Sam Mendes: "Getting Bond right is a real high"

Sam Mendes has helped steer the James Bond franchise to staggering international box office success. He discussed his directing career at a recent BAFTA event in London.

By Nick Goundry 2 Dec 2015

Sam Mendes: "Getting Bond right is a real high"

Sam Mendes has helped steer the James Bond franchise to staggering international box-office. He discussed his directing career at a recent BAFTA event in London.

After a decade focusing on directing theatre in the UK, Mendes made his movie directorial debut with American Beauty in 1999, winning an Oscar for his efforts.

Mendes followed up with the atmospheric imagery and pared-back dialogue of period gangster drama Road to Perdition - “I discovered my passion for the visual language of cinema”, he explains - which also marked his first movie with Daniel Craig, who co-starred alongside Tom Hanks and Paul Newman.
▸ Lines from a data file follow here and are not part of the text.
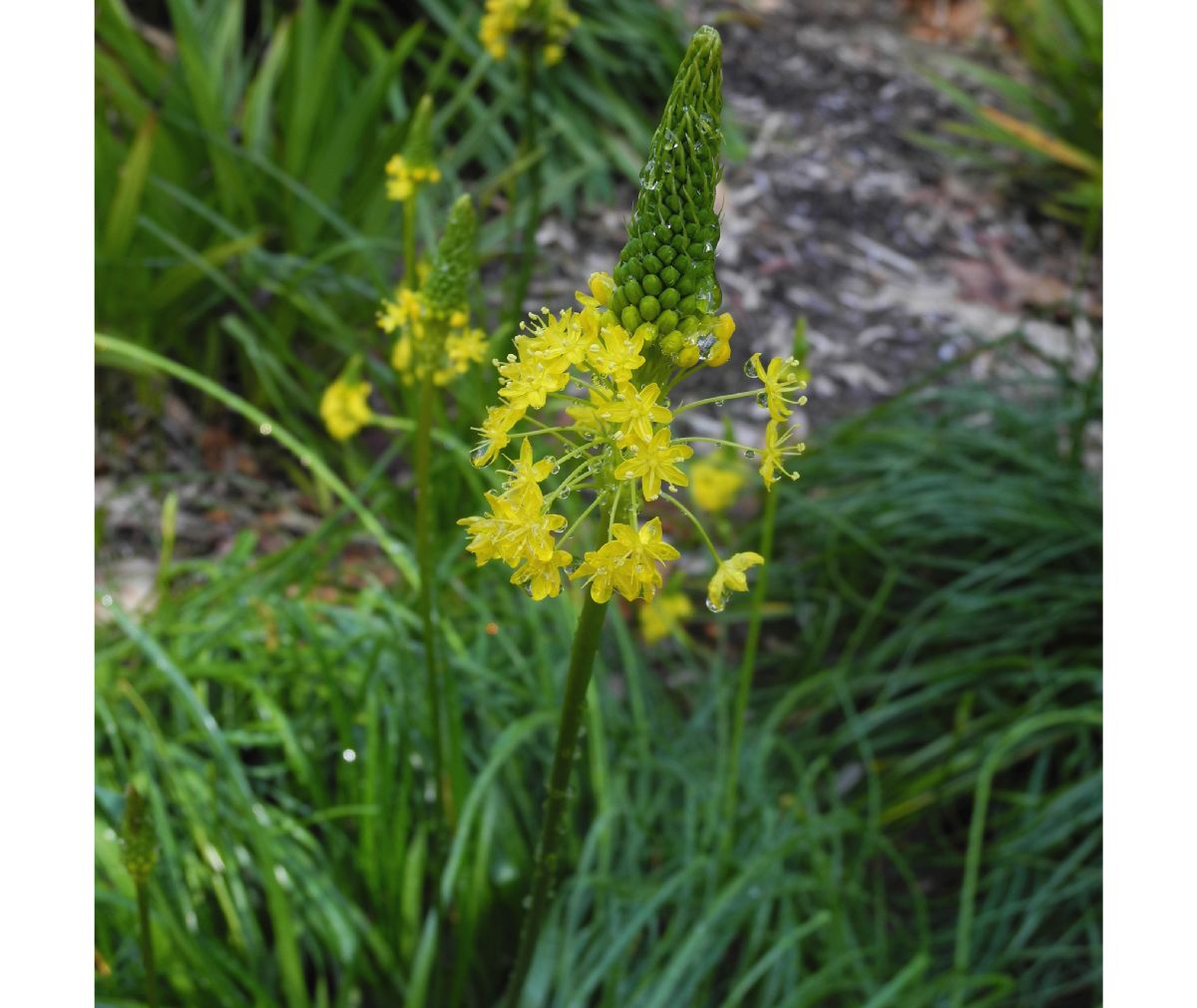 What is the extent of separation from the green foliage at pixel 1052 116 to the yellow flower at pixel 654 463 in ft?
16.7

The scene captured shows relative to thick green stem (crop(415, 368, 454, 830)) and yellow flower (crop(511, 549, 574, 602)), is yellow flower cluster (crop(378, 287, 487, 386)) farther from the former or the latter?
yellow flower (crop(511, 549, 574, 602))

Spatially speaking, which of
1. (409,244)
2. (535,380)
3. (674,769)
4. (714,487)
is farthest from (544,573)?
(714,487)

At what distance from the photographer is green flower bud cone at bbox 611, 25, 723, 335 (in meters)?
1.11

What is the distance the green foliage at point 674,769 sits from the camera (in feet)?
7.48

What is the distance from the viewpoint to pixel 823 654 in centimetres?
365

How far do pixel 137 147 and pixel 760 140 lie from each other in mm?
3498

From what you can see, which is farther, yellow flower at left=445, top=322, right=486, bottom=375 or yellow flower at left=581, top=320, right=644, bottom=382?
yellow flower at left=445, top=322, right=486, bottom=375

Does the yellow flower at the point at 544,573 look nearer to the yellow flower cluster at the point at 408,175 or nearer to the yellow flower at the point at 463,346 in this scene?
the yellow flower at the point at 463,346

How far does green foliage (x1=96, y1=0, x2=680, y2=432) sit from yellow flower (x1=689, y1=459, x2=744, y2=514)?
919 mm

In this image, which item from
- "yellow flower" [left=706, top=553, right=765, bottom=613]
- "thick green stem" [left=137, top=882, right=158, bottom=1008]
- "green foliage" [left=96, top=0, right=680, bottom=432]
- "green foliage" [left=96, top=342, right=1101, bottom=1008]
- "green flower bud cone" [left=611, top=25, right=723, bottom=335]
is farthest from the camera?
"green foliage" [left=96, top=0, right=680, bottom=432]

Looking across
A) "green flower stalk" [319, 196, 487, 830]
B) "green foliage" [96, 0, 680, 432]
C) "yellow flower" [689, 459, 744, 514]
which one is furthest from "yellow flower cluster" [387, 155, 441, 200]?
"yellow flower" [689, 459, 744, 514]

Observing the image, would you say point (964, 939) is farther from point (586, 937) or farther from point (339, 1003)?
point (339, 1003)

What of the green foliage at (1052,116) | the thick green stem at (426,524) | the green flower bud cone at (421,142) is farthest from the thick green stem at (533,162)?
the green foliage at (1052,116)

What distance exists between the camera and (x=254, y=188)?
3938mm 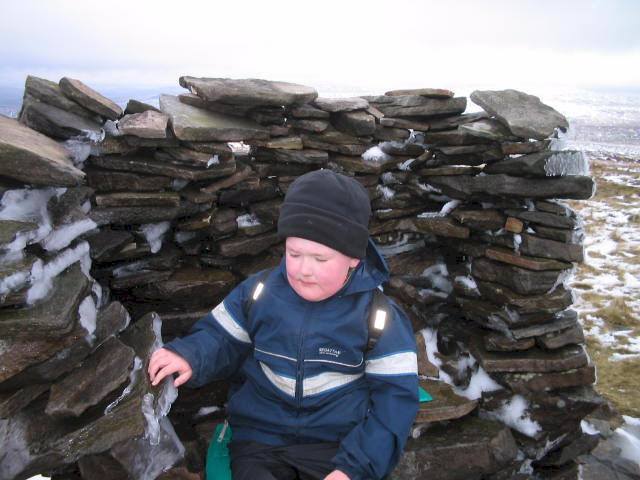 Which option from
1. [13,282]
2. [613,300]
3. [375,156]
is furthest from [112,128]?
[613,300]

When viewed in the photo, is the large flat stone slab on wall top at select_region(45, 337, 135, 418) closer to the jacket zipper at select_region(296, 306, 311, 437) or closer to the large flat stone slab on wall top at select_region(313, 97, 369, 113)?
the jacket zipper at select_region(296, 306, 311, 437)

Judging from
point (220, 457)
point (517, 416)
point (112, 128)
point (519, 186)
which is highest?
point (112, 128)

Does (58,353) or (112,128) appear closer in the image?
(58,353)

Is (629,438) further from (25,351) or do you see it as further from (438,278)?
(25,351)

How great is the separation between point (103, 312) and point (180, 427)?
169 cm

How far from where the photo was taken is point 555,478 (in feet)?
16.4

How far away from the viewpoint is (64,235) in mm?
2990

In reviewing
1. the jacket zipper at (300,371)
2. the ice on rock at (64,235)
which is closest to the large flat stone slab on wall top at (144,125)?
the ice on rock at (64,235)

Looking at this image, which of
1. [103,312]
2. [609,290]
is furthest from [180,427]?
[609,290]

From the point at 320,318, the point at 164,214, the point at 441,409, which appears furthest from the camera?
the point at 441,409

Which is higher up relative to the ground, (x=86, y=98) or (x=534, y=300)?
(x=86, y=98)

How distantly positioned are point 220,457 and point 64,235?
1.93 meters

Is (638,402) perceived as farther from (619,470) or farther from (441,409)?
(441,409)

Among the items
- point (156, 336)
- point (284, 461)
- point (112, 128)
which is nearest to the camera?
point (284, 461)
The 2005 Gulf War movie Jarhead (pictured above) became a conscious effort from Mendes to adopt a freer shooting style. Based on the real experiences of former US Marine Anthony Swofford, it was filmed largely with handheld cameras, but Mendes reveals he’s not wildly keen on the finished product.

“I took out a lot of the political content in the edit, and some fantasy sequences,” he recalled. “The result was a film with an uncertain tone. It was like an errant child – not really sure what it was.”

Jarhead partly doubled the deserts of Mexico for the heat of the Persian Gulf. Mendes personally found the environment “purifying” with sun-blasted sand all the way to the horizon, although some members of the production team had an opposite, claustrophobic reaction.

The James Bond juggernaut

The director came to the James Bond franchise through a casual conversation with his friend Daniel Craig at a party, when the actor was appearing on Broadway. Craig had wrapped on Quantum of Solace and suggested Mendes consider helming the next instalment.

“I honestly hadn’t thought about it until that moment,” Mendes said. “But after years making movies in the US, I was looking for a way to get back home.”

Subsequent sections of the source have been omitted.